Seattle Times staff reporter
ABOARD THE USS KITTY HAWK — If this country ever needed a crew of loyal sailors, ready and more than willing — if not all quite as able — to take up their posts again, the former crew members of the USS Kitty Hawk would answer the call.
"If they needed me, I'd be there in a second," said Dan Hemrich, of Everett, who attended a ceremony today at Bremerton Naval Station to honor the Navy's oldest active warship and its nearly five decades of service.
More than 2,000 former and current crew members, their families and dignitaries gathered to bid the aircraft carrier goodbye.
"Hell, yeah, I'd be there," said his crewmate, Danny King, of Austin, Texas.
William Dobbins, of Grass Valley, Calif., was among the original crew that first sailed the ship out of Philadelphia, around the tip of South America and into her first homeport at San Diego. He, uses a wheelchair now. But he, too, would serve if called.
"To me, she still looks like she's ready to go to sea," he said with a catch in his voice.
Miss Kitty, as she was sometimes called, took part in more combat missions in Vietnam than any other carrier, and in recent years participated in missions off Somalia, Afghanistan and Iraq.
The Navy's last fossil-fueled aircraft carrier, the Kitty Hawk is being retired, moved from Pier 6 at the Bremerton Naval Station to the shipyard next door, where it will ultimately be decommissioned.
"You should be immensely proud," Adm.
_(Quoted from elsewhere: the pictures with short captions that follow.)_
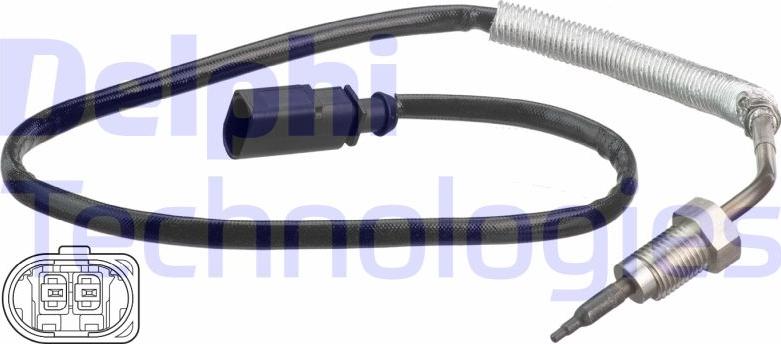 Delphi TS30176 - Sensore, Temperatura gas scarico www.autoricambi360.it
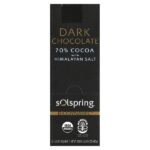 Solspring®, Biodynamic®, темный шоколад, 70% какао с гималайской солью, 12 плиток по 40 г (1,41 унции) — Dr. Mercola
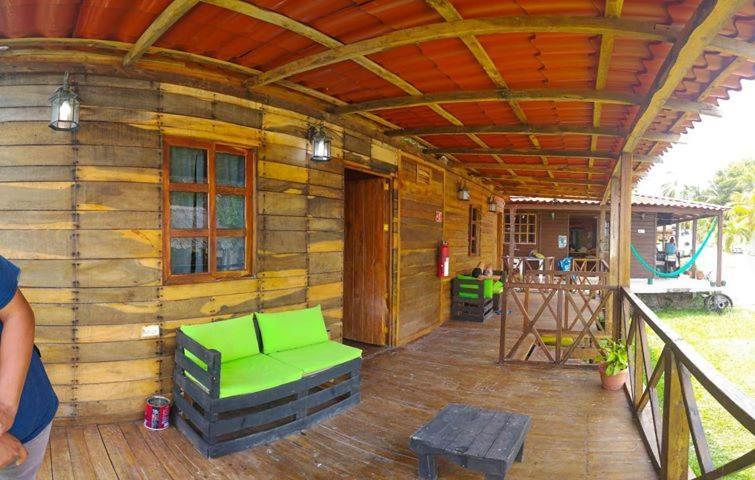 Green Monkey Hostel Bacalar Buitenkant foto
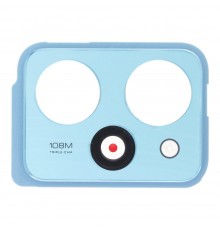 Скло камери для Xiaomi Poco X5 Pro, синє, з рамкою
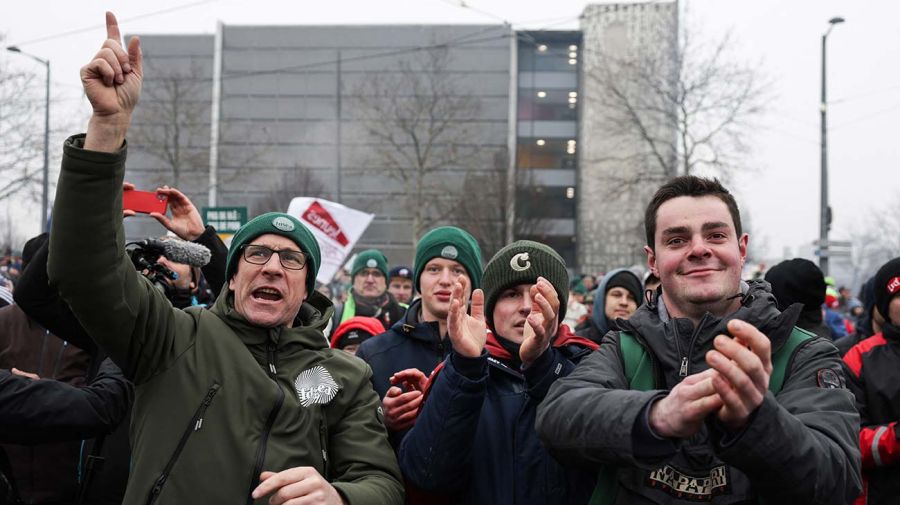 Protesta de agricultores Parlamento UE y Mercosur Francia 21012026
Timothy Keating, commander of the U.S. Pacific Command, said at Saturday's ceremony.
"You understand how powerful a symbol of national sovereignty this is: 75,000 tons of sacred American influence going where we need," Keating told the current and former crew members. "Your names will be written in gold in the pages of history for your sacrifice and your service."
After the ceremony, visitors gathered, looked at old yearbooks, photos and other memorabilia, and recalled their adventures.
"I was just a farm kid from Kansas and this is where I saw the world and learned to be a man," said Dobbins, who was in the Navy from 1940 through 1970.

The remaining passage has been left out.